#### PROBLEM TO WORK ON:
Exactly the lines from the opening of the data through the line containing "vidaXL Jardinière marron" should be reproduced, please, with nothing added.

[Short text fragments from websites]
++++++++

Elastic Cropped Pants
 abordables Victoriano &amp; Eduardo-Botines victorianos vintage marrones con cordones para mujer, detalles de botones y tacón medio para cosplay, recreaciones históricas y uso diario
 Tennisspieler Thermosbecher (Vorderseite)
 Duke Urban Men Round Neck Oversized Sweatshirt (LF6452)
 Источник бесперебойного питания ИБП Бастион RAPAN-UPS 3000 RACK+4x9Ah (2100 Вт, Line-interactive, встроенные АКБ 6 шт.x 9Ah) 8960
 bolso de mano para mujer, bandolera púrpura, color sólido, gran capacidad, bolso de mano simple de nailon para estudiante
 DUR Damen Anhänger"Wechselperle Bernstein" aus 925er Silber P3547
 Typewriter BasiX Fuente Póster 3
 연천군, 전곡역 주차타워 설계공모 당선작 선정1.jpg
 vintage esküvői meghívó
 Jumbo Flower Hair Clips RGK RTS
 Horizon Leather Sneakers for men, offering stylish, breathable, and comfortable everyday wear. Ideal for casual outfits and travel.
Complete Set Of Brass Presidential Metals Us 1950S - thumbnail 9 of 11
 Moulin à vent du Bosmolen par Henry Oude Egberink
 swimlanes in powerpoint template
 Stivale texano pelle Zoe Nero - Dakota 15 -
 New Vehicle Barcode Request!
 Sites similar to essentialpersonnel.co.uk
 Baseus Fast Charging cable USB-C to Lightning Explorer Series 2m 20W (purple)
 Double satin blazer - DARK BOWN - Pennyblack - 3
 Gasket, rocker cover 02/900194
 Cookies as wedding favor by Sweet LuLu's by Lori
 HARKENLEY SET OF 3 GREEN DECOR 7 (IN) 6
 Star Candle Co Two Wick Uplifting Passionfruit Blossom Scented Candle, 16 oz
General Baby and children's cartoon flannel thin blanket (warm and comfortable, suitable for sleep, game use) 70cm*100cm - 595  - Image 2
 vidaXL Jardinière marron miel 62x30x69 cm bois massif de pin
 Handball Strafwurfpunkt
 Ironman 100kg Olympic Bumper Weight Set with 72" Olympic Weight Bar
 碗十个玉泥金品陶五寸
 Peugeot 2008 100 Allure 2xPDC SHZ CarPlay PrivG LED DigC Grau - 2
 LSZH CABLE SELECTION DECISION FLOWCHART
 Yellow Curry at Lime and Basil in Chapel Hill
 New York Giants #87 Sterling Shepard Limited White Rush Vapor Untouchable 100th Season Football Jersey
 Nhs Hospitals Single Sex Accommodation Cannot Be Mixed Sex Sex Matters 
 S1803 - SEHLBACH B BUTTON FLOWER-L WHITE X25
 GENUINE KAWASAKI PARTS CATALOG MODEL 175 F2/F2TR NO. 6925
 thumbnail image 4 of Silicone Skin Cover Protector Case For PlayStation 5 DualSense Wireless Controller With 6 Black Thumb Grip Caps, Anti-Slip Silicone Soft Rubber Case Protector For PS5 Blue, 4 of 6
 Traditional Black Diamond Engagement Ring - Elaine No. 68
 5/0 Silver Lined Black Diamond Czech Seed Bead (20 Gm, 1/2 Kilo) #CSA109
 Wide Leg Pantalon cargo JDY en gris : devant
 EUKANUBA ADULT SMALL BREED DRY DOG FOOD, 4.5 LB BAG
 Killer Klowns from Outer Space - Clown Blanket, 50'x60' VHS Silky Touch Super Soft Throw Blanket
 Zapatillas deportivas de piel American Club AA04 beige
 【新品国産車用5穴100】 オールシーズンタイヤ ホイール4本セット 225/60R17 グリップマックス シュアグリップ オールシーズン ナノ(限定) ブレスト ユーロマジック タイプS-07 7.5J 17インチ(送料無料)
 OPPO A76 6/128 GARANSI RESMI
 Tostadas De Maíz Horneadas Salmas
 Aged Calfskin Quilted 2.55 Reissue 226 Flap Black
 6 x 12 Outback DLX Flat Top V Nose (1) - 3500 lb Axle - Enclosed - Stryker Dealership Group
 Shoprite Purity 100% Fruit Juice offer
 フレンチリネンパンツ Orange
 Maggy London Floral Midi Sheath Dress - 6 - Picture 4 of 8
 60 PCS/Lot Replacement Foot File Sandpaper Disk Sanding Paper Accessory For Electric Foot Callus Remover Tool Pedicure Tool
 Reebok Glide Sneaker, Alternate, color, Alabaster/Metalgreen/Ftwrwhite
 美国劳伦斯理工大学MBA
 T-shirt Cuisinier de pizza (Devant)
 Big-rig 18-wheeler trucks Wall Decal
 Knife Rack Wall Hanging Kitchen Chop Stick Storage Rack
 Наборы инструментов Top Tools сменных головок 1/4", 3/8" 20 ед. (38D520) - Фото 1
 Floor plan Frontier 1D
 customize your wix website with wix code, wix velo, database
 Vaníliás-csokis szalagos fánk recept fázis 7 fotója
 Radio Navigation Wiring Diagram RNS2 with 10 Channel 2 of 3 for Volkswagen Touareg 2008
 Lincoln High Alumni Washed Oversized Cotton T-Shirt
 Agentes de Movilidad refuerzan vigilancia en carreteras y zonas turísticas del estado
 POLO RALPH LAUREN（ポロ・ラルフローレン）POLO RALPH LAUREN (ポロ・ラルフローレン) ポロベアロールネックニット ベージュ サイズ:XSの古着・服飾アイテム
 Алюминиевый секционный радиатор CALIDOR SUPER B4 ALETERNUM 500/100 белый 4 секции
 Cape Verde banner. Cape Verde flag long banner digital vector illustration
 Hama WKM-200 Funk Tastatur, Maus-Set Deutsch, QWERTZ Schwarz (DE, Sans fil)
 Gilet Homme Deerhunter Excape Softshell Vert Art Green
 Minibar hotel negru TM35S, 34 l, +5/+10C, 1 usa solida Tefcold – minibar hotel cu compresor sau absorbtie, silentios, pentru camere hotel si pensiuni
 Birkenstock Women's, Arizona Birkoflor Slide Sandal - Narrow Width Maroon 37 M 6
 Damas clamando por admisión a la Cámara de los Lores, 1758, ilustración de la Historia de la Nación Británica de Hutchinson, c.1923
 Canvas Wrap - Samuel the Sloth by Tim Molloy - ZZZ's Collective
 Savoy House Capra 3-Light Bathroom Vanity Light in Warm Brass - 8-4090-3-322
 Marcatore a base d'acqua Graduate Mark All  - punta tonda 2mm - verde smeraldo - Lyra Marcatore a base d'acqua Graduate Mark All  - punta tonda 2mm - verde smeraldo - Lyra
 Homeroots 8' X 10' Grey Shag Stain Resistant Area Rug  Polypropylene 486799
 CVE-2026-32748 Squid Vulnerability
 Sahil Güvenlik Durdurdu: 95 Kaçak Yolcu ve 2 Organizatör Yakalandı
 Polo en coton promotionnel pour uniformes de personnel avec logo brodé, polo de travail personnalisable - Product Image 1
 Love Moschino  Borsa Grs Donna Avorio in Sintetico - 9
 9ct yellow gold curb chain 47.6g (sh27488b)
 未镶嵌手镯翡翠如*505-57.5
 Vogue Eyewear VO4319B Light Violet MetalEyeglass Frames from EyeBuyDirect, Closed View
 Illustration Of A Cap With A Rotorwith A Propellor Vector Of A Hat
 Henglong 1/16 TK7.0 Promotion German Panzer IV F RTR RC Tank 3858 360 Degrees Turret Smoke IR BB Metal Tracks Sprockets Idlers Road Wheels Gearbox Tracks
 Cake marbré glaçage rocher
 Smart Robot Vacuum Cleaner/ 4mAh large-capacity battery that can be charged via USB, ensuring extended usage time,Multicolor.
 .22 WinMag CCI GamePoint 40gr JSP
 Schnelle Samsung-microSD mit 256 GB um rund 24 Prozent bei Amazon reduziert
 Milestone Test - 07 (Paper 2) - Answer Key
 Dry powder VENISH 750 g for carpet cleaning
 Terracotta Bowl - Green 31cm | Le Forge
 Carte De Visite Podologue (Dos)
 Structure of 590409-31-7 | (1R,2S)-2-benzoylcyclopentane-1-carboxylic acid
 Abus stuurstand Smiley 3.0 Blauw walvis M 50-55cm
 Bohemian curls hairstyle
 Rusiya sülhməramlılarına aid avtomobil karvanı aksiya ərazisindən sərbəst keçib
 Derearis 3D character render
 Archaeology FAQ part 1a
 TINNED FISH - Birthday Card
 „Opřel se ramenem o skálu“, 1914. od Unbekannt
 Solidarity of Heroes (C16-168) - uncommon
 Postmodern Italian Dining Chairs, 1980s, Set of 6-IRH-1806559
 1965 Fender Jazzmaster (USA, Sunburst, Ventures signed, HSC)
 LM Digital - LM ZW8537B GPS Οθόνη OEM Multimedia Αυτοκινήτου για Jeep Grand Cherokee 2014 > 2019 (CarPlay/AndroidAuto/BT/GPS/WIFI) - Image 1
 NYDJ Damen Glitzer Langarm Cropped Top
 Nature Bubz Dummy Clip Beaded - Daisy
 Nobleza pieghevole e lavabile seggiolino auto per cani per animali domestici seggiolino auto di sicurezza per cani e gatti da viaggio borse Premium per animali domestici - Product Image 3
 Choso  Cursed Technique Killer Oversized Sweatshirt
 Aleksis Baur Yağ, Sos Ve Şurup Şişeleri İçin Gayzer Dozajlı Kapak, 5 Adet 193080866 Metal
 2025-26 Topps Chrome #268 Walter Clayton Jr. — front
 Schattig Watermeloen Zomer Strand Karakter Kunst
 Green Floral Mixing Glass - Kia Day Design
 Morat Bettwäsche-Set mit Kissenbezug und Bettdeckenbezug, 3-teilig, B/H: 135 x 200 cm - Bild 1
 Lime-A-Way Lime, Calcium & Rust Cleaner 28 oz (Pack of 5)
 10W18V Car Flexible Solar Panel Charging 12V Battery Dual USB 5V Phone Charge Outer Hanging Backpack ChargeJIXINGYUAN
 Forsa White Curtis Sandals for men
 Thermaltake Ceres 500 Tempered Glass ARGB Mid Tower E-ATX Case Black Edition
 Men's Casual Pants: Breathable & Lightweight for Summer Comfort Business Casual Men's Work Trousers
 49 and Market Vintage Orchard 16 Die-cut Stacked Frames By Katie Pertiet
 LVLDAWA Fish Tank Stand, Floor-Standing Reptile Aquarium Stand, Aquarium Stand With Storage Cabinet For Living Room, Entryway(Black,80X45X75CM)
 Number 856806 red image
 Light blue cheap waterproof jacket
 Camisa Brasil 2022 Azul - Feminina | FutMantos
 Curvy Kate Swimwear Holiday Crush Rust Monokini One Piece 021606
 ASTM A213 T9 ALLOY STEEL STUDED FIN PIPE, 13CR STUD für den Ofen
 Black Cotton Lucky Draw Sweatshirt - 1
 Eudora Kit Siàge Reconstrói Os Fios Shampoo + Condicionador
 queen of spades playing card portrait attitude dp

++++++++

#### SOLUTION:
Elastic Cropped Pants
 abordables Victoriano &amp; Eduardo-Botines victorianos vintage marrones con cordones para mujer, detalles de botones y tacón medio para cosplay, recreaciones históricas y uso diario
 Tennisspieler Thermosbecher (Vorderseite)
 Duke Urban Men Round Neck Oversized Sweatshirt (LF6452)
 Источник бесперебойного питания ИБП Бастион RAPAN-UPS 3000 RACK+4x9Ah (2100 Вт, Line-interactive, встроенные АКБ 6 шт.x 9Ah) 8960
 bolso de mano para mujer, bandolera púrpura, color sólido, gran capacidad, bolso de mano simple de nailon para estudiante
 DUR Damen Anhänger"Wechselperle Bernstein" aus 925er Silber P3547
 Typewriter BasiX Fuente Póster 3
 연천군, 전곡역 주차타워 설계공모 당선작 선정1.jpg
 vintage esküvői meghívó
 Jumbo Flower Hair Clips RGK RTS
 Horizon Leather Sneakers for men, offering stylish, breathable, and comfortable everyday wear. Ideal for casual outfits and travel.
Complete Set Of Brass Presidential Metals Us 1950S - thumbnail 9 of 11
 Moulin à vent du Bosmolen par Henry Oude Egberink
 swimlanes in powerpoint template
 Stivale texano pelle Zoe Nero - Dakota 15 -
 New Vehicle Barcode Request!
 Sites similar to essentialpersonnel.co.uk
 Baseus Fast Charging cable USB-C to Lightning Explorer Series 2m 20W (purple)
 Double satin blazer - DARK BOWN - Pennyblack - 3
 Gasket, rocker cover 02/900194
 Cookies as wedding favor by Sweet LuLu's by Lori
 HARKENLEY SET OF 3 GREEN DECOR 7 (IN) 6
 Star Candle Co Two Wick Uplifting Passionfruit Blossom Scented Candle, 16 oz
General Baby and children's cartoon flannel thin blanket (warm and comfortable, suitable for sleep, game use) 70cm*100cm - 595  - Image 2
 vidaXL Jardinière marron miel 62x30x69 cm bois massif de pin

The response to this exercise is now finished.